Bothered that 'Taps' was played by machines at veterans' funerals, Master Sgt. Ron Glazer learned the tune himself.

Bothered that 'Taps' was played by machines at veterans' funerals, Master Sgt. Ron Glazer learned the tune himself.

February 26, 2003|by CANDICE BOSELY

MARTINSBURG - When Master Sgt. Ron Glazer learned the Air Force bought a small stereo and a CD of "Taps" to be played at local veterans' funerals, he was - to use his own word - appalled.

"Personally appalled at the idea that we would not be giving our fallen comrades an appropriate and proper funeral with a bugler, I made a decision," Glazer wrote in an article published on the Web site,

So a couple of years ago, Glazer paid $120 for a used, tarnished bugle on eBay and was determined to learn to play the song. Since then, he's become more proficient at the 24-note song and has played the haunting anthem at three funerals and two Memorial Day services.


Glazer, 35, of Hagerstown, is a full-time member of the 167th Airlift Wing of the West Virginia Air National Guard in Martinsburg.

He fulfilled his dream of joining an honor guard in April 2001, and bought the bugle the next month. In doing so, Glazer became part of a small group of bugle players.
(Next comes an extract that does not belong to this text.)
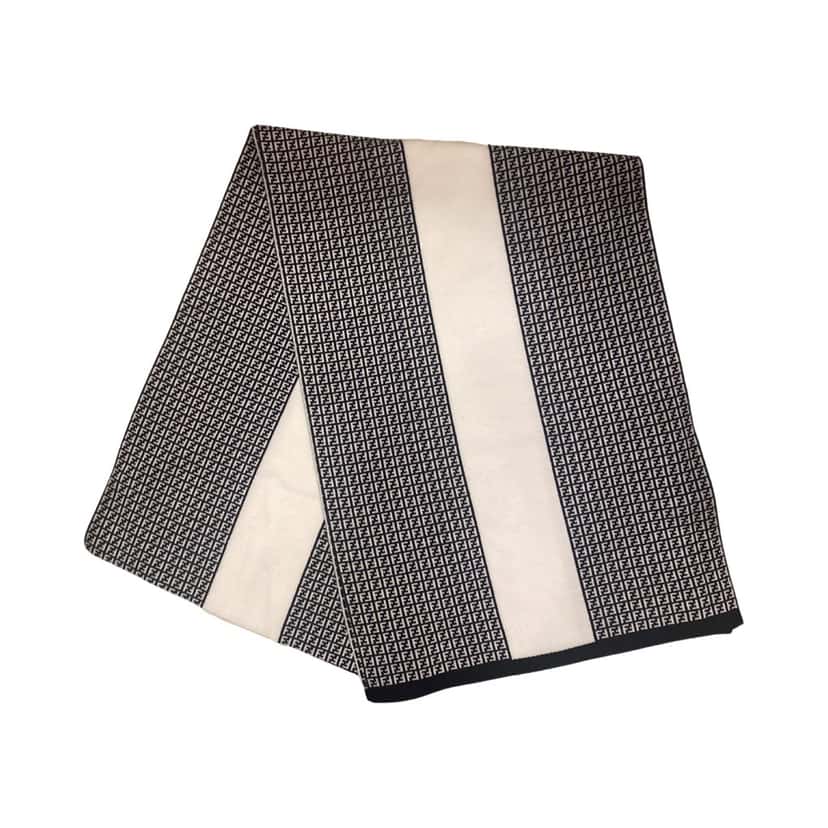 Fendi Fendi FF Print Nero and Bianco Knitted Wool Scarf Black Never worn, with tag - Front View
There apparently are not a lot of people willing or talented enough to play the bugle. At the memorial service last year for USS Cole victim Patrick Howard Roy, a cassette tape of "Taps" was played.

So dire is the situation, the Pentagon is considering whether to install a small electronic device inside a bugle that would play "Taps." An honor guard member would pose with the horn, pretending to play, Glazer said.

"I don't see dignity in playing a tape or CD," Glazer said Tuesday.

Not only can Glazer and his horn provide the honor of "Taps" being played, his story has a denouement. The Wisconsin-based Getzen Co., which has ceased making bugles, restored Glazer's instrument for free.

Glazer grins when he tells the tale, and when he carefully hands over his pristine bugle, which resembles a trumpet but has just one valve, whereas a trumpet has three.

To restore the bugle, workers at Getzen took off the old lacquer, "charged" the metal and applied a new brass finish, Glazer said. Made in the 1960s, the bugle was intended to be used by drum and bugle corps.

The restored model bears little resemblance to the one Glazer bought on the Internet. When Glazer first got it back in the mail after restoration, he said, he checked the serial number to be sure it was the same instrument.

A more somber Glazer discussed funerals.

At a veteran's funeral, honor guard pallbearers carry a casket from the hearse to its final resting place. After "Taps" is played, a 21-volley gun salute is performed and the American flag draped over the coffin is folded and given to a member of the veteran's family, Glazer said.

At a typical funeral, about 10 honor guard members are present. As few as three can serve on the detail, in which case only the flag-folding ceremony would be done, Glazer said.

"Taps" is a solemn song and Glazer said that while he plays, he is careful to focus straight ahead or on his horn.

"If I look at someone I'll start crying," he said. "I have to fight back my tears."

After a funeral, Glazer said he approaches the veteran's family, thanking them for the honor of playing.

"They always say, 'It was beautiful' or 'You don't know how much it meant to us,'" Glazer said.

Explaining why he volunteered to serve on the honor guard, Glazer spoke of the veterans who have come before him.

"It's an honor to serve those who have served," he said.

Glazer also said he enjoys being in full uniform, and being among the public.

Not just anyone can become an honor guard member. A 40-hour training course is required, as is additional quarterly training, Glazer said.

Glazer's training was in the form of a junior high school French horn player.

A Desert Storm veteran, Glazer did a stint with the Maryland Army National Guard for a year in 1995 before joining the West Virginia Air National Guard. He first joined the military immediately after high school, serving five years in the U.S. Army.

Glazer and his wife Carol have two sons, Brandon, 11, and Ron Jr., 13.